» REQUIRED ACTION
In the material below, find the line with "Showcase, wooden library." and the line with "round panel light", then output both and every line between them exactly, omitting pictures.

*** INPUT RECORDS ***

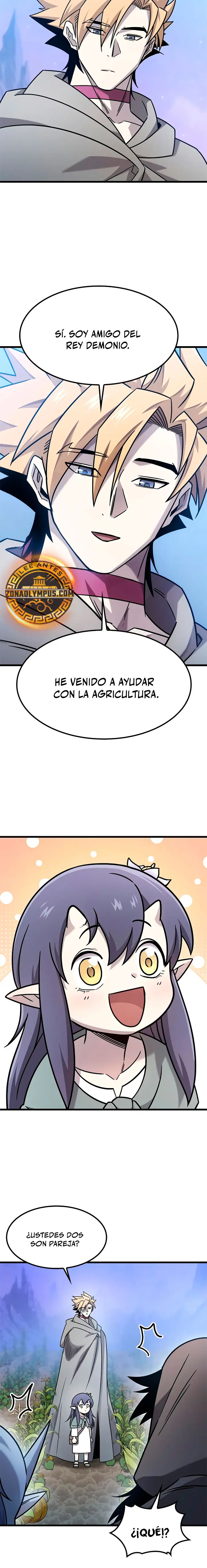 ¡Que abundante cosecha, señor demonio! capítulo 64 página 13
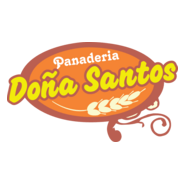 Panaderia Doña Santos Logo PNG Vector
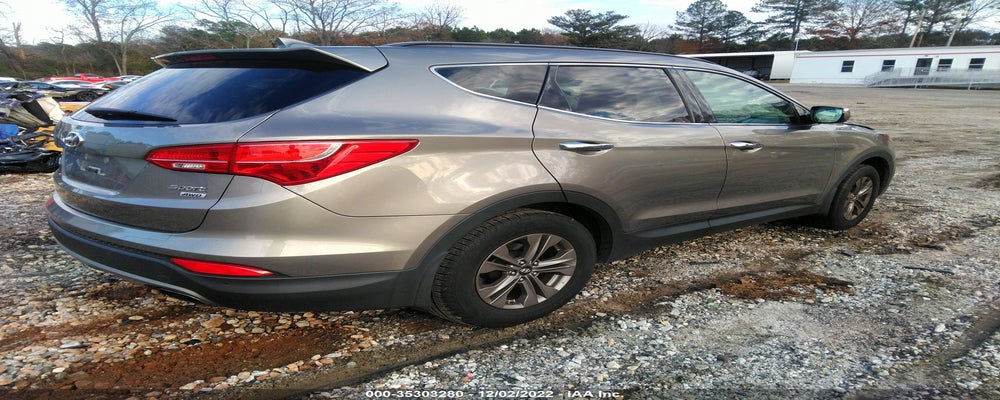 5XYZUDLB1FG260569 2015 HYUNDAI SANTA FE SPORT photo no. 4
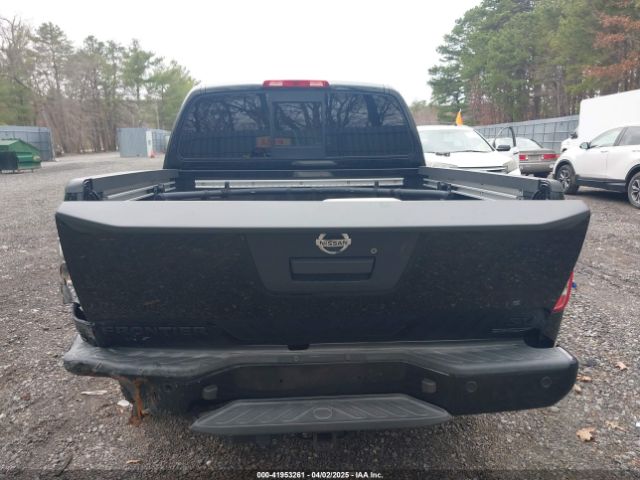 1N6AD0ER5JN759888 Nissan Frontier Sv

***
*** INPUT RECORDS ***

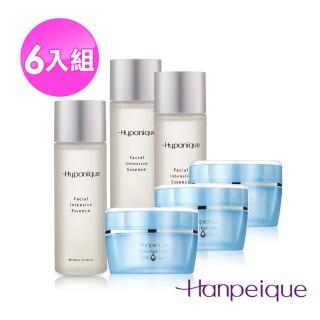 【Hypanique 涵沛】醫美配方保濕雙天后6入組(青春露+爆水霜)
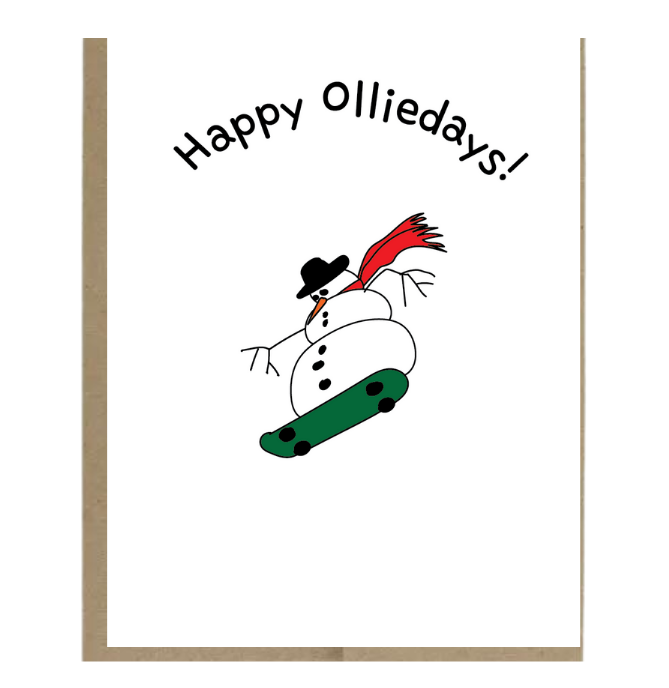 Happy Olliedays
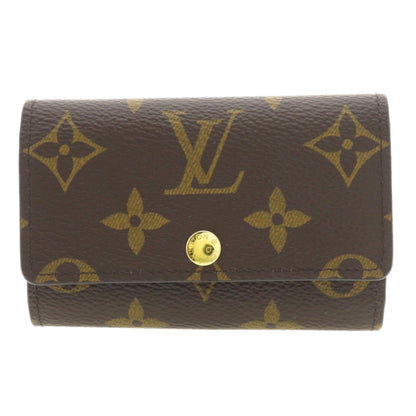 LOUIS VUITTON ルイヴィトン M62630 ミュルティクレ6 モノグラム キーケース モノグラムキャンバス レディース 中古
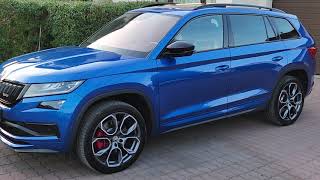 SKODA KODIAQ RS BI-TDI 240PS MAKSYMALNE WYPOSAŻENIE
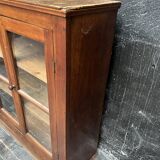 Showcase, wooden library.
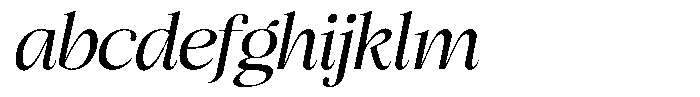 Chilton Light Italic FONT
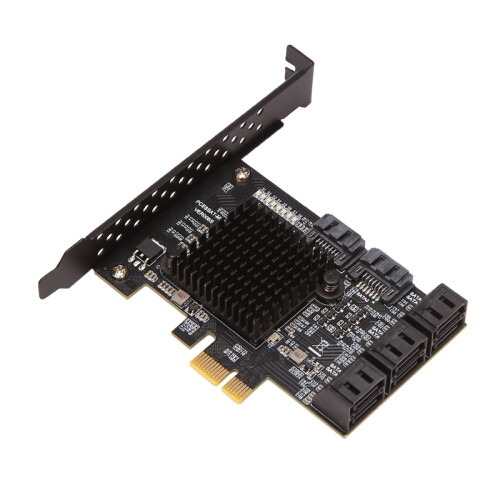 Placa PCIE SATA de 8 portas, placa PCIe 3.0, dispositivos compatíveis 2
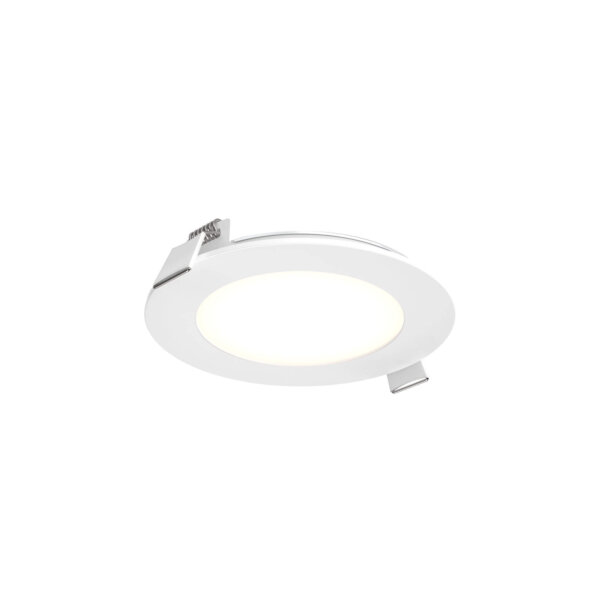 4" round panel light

***
*** INPUT RECORDS ***

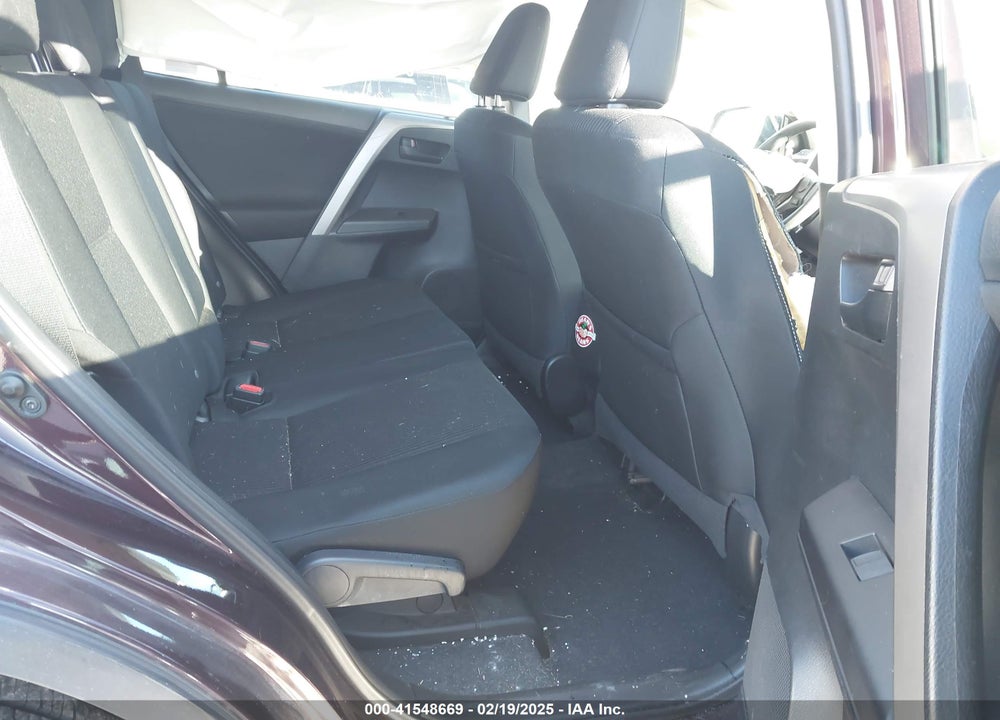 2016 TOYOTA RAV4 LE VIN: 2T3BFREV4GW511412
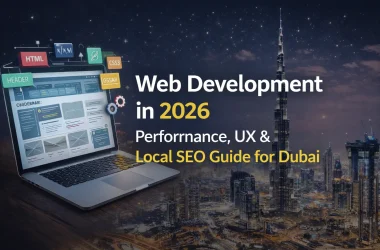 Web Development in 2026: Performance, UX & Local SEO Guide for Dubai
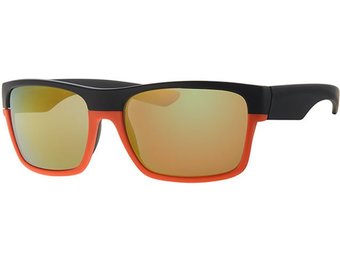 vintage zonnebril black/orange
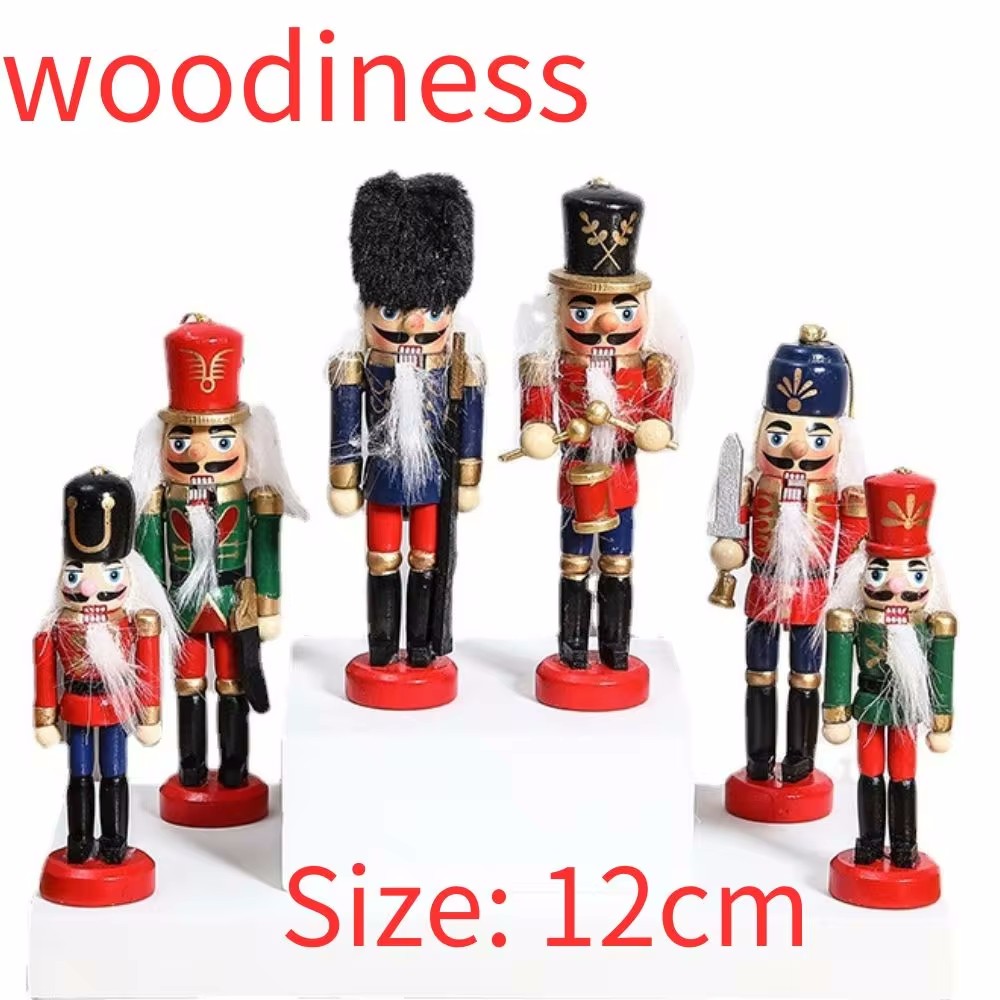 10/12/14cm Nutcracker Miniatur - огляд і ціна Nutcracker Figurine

***

» WRITTEN REPLY
 Showcase, wooden library.
 Chilton Light Italic FONT
 Placa PCIE SATA de 8 portas, placa PCIe 3.0, dispositivos compatíveis 2
 4" round panel light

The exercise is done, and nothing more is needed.